→ **Exercise requirements**
Whenever a line in the data contains "with", show that line.

══ Input data ══

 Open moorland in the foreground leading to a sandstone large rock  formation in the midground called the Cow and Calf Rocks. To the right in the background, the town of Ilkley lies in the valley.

═══
══ Input data ══

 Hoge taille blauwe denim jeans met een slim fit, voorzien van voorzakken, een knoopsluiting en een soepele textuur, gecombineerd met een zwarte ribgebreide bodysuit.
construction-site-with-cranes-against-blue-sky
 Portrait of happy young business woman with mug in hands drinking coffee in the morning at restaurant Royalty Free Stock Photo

═══

→ **Written solution**
construction-site-with-cranes-against-blue-sky
 Portrait of happy young business woman with mug in hands drinking coffee in the morning at restaurant Royalty Free Stock Photo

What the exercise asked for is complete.